Copy the data exactly. Leave nothing out.

+ + +

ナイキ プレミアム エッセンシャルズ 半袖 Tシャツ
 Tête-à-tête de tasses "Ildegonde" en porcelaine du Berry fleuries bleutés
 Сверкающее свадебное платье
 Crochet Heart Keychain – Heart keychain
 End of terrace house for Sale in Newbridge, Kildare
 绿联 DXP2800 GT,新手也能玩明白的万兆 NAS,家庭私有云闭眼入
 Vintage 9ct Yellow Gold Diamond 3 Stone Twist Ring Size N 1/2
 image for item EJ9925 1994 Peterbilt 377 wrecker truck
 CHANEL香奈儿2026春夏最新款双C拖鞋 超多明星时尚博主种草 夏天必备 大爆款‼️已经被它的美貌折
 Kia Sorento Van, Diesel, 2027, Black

+ + +

Your solution>
ナイキ プレミアム エッセンシャルズ 半袖 Tシャツ
 Tête-à-tête de tasses "Ildegonde" en porcelaine du Berry fleuries bleutés
 Сверкающее свадебное платье
 Crochet Heart Keychain – Heart keychain
 End of terrace house for Sale in Newbridge, Kildare
 绿联 DXP2800 GT,新手也能玩明白的万兆 NAS,家庭私有云闭眼入
 Vintage 9ct Yellow Gold Diamond 3 Stone Twist Ring Size N 1/2
 image for item EJ9925 1994 Peterbilt 377 wrecker truck
 CHANEL香奈儿2026春夏最新款双C拖鞋 超多明星时尚博主种草 夏天必备 大爆款‼️已经被它的美貌折
 Kia Sorento Van, Diesel, 2027, Black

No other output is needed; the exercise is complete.